Possible to use GPIO (G7) on TX2 as a serial/uart TX (only)?

Hi I have a GPIO (G7, TEGRA_AON_GPIO(V, 5) 277) on the TX2 broken out but I really need an additional UART TX (only, no RX).

I can’t use another one of the normal UARTs to become the necessary TX in my current config.

Is it possible to modify this GPIO pin to be used as a serial TX (Baudrate 115200) or am I stuck?

Any help greatly appreciated, thanks in advance!

hello aquavivafernandes_tx2,

please access TX2 Product Design Guide and check [Table 74. UART Pin Descriptions].
you may also refer to [Figure 46. UART Connections] to have alternative UARTs.

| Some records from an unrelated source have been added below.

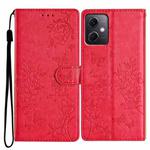 For Redmi Note 12 5G Global Butterflies and Flowers Leather Phone Case(Red)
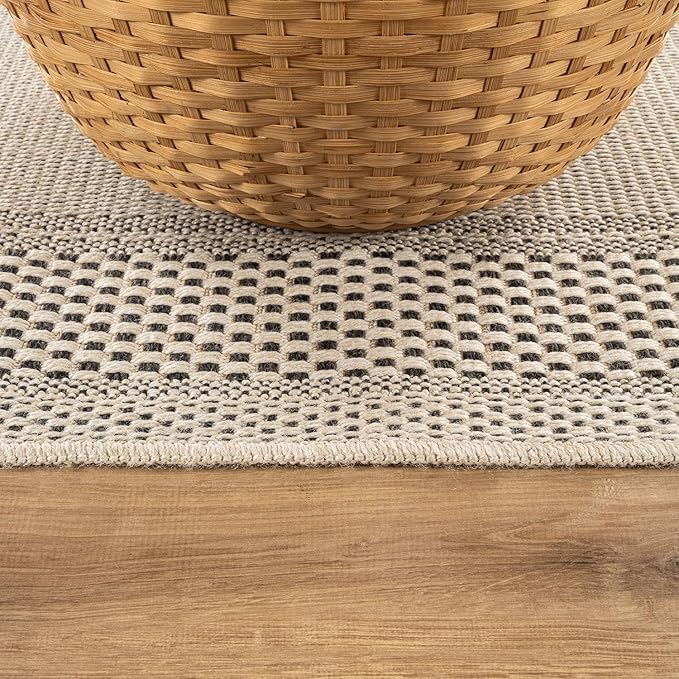 CAMILSON Easy Jute Rug 8x10, Indoor Outdoor Off-White Color Fiber Area Rugs for Entry, Living Room and Bedroom Rug, Bordered Boho Woven Design, Easy-Cleaning, Washable Outside Carpet (8 x 10)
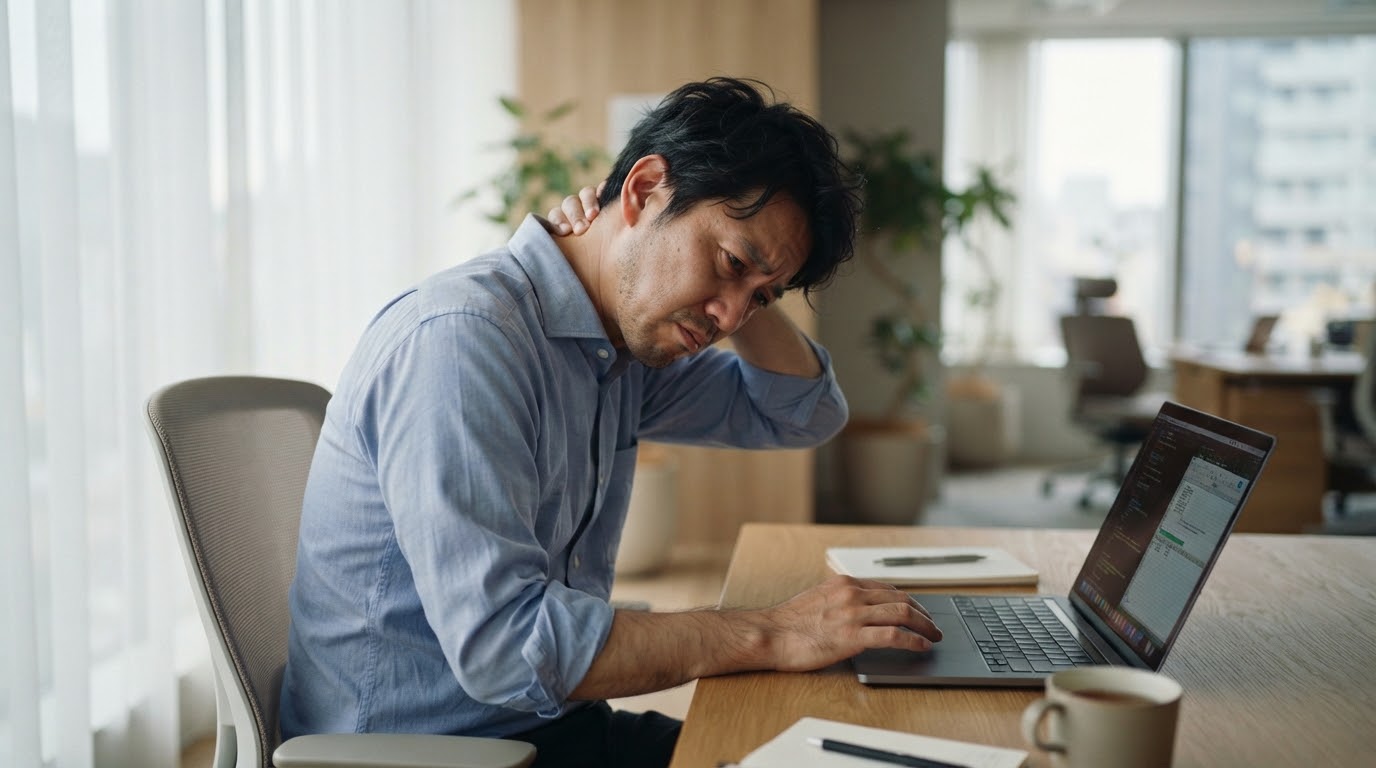 肩甲骨はがしの対策に取り組む男性のイメージ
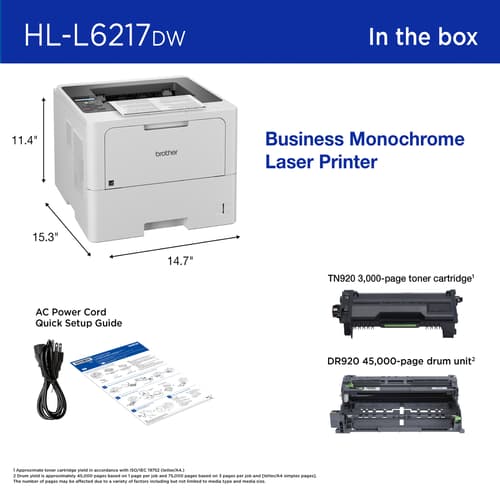 Brother HL-L6217DW Business Monochrome Laser Printer with Large Paper Capacity, Low-Cost Printing, Wireless Networking, and Duplex Printing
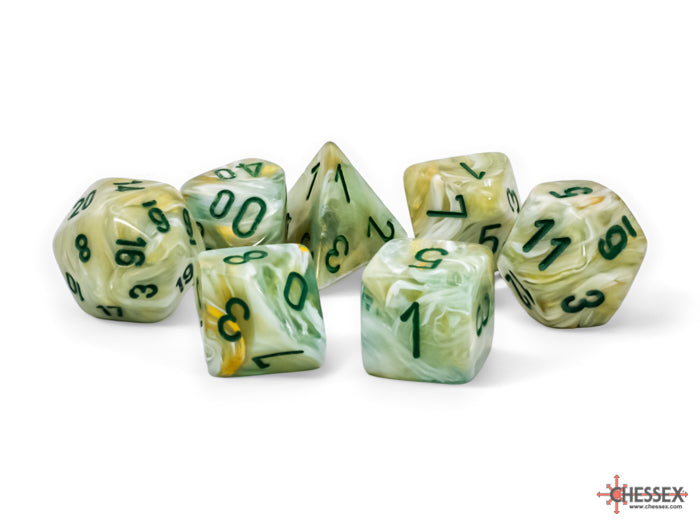 Chessex - Marble Mega-hedral Green/dark green 7-Die Set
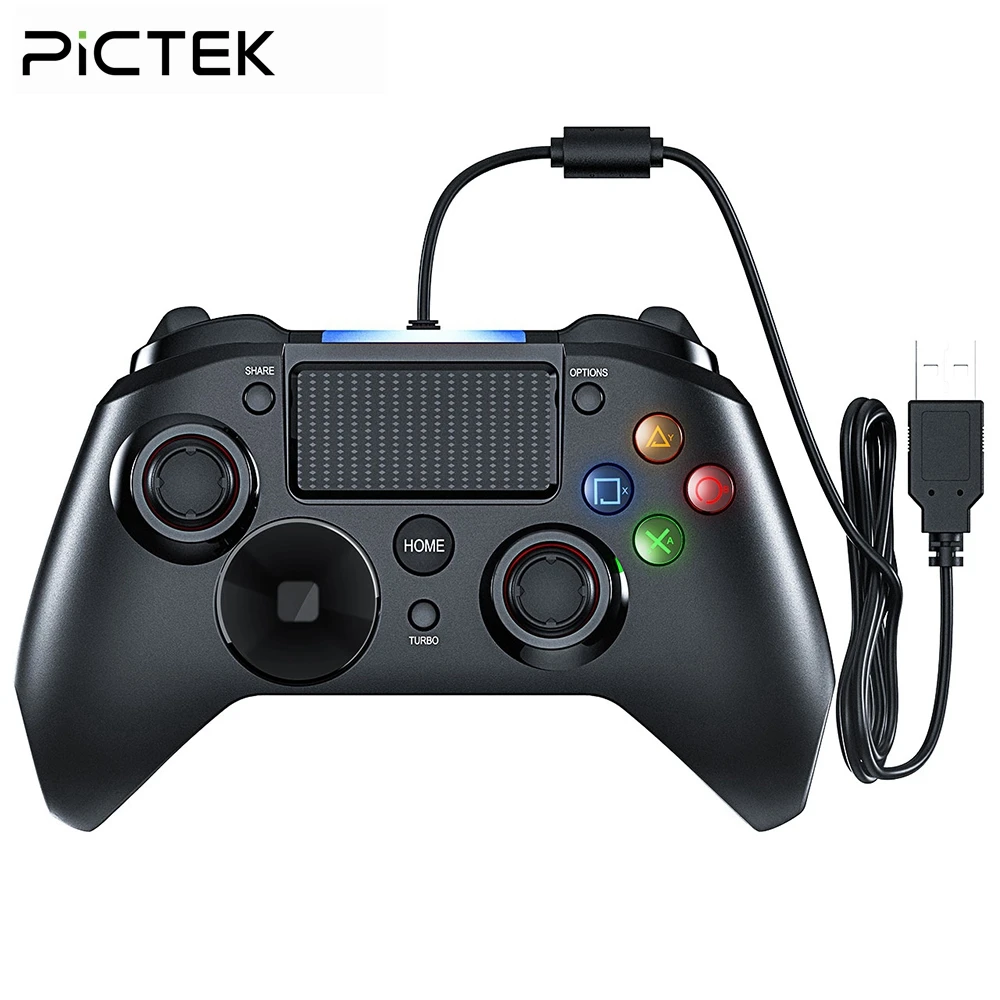 Pictek USB проводной геймпад 3 в 1 для PS4 игры светодиодные лампы контроллера двойные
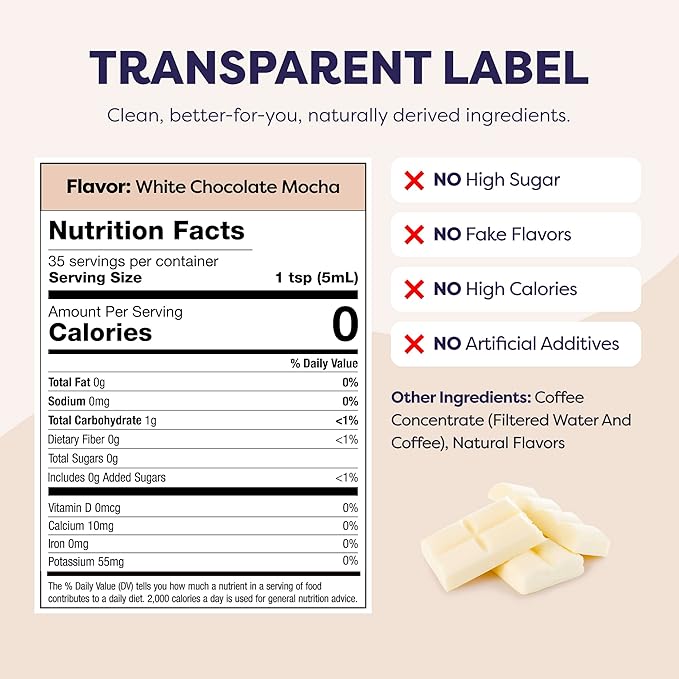 Coffee Concentrate - Limited Release Flavors - Cold Brew Coffee, Perfect for Hot or Iced Instant Coffees, Hot Drinks, Cold Brew Concentrate, 35 Servings - White Chocolate Mocha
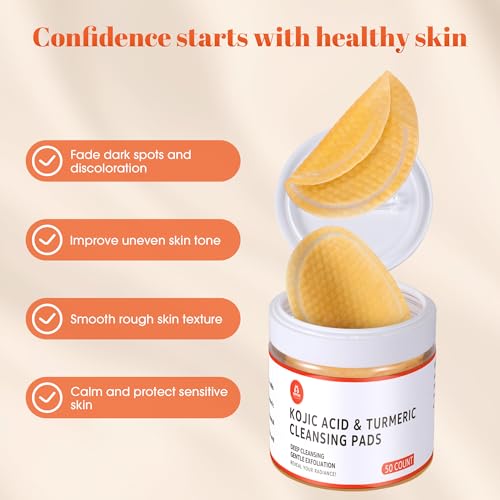 Turmeric Kojic Acid Cleansing Pads: Skin Brightening Turmeric Face Scrub Pads ? Gentle Turmeric Facial Pad for Even Skin Tone, Radiant Complexion - Enrich Kojic Acid & Turmeric ? 50PCS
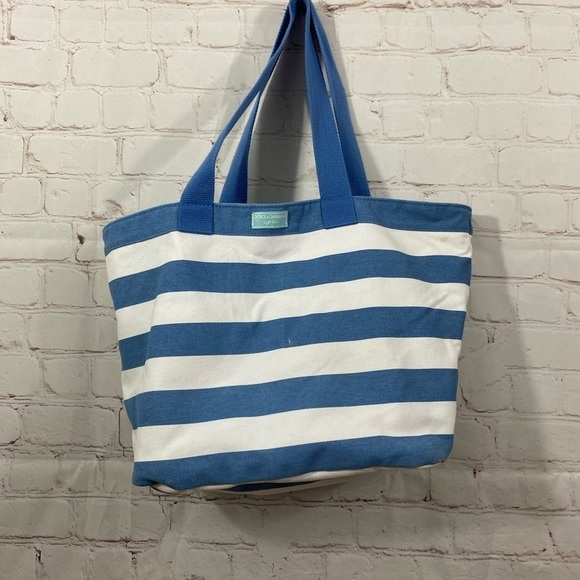 Dolce & Gabbana Light Blue Striped Canvas Lined Tote Bag - Picture 2 of 12
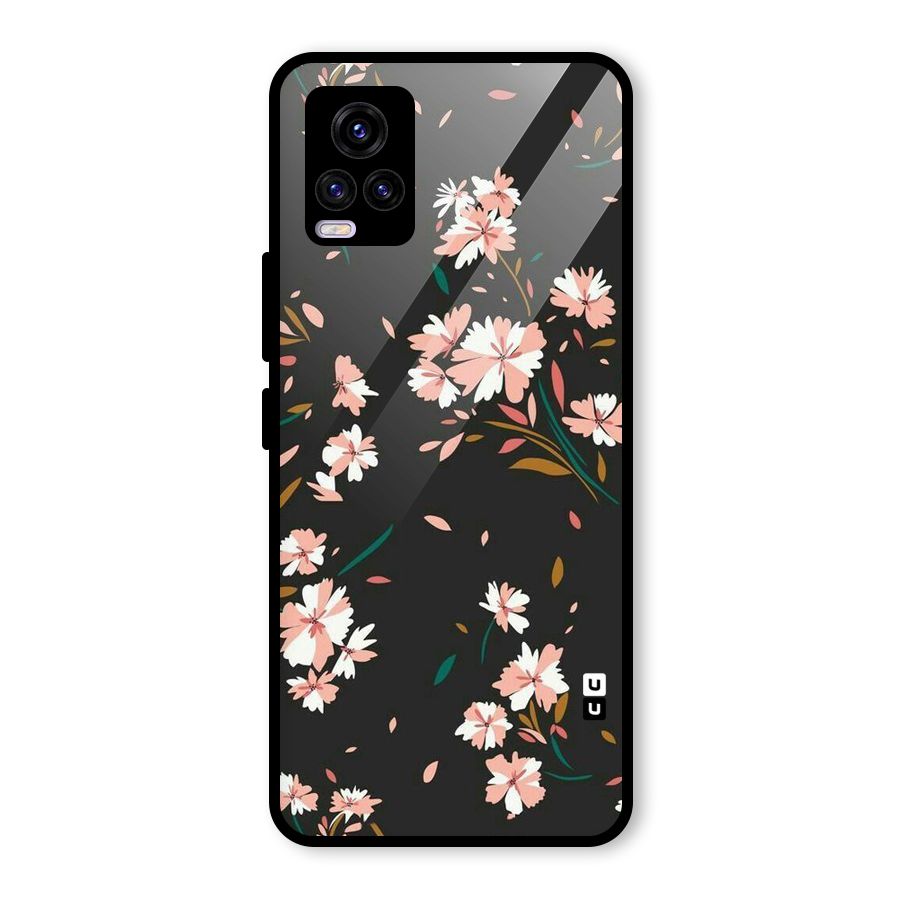 Floral Petals Peach Glass Back Case for Vivo V20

Even if you could use GPIO the ability to have properly timed I/O would be virtually impossible. The reliability would be close to zero. Use an actual UART. If you don’t have enough of the built in UARTs, then use USB serial UARTs.

I do think it is possible to use it as GPIO. The best option would be to write the code and execute it with the Cortex-R5 (SPE). This will give you the tightest possible control and very deterministic behavior. You would of course have to create a mailbox type system (or reuse something NVIDIA has) to communicate from your Linux kernel to the SPE.

Another option would be to write very tight code that executes with interrupts disabled on the Cortex-A57. I think this would be possible as well, if you are using the proper CPU core to do it and you don’t mind writing some ARM assembly. If you put some compiler directives around the code you might be able to stick to straight C code. You will definitely need to dive into the Parker TRM or study the existing tegra GPIO driver to understand how to do the low-level set and clear of the GPIO without relying on the existing kernel GPIO APIs. Having an understanding of the ARM instruction set and knowing how the C compiler generates the underlying assembly would be a definite plus for the task. If you don’t have that kind of expertise you would probably be better off paying someone else with the expertise. :-)

The one plus you have is you aren’t trying to do bit-bang UART RX.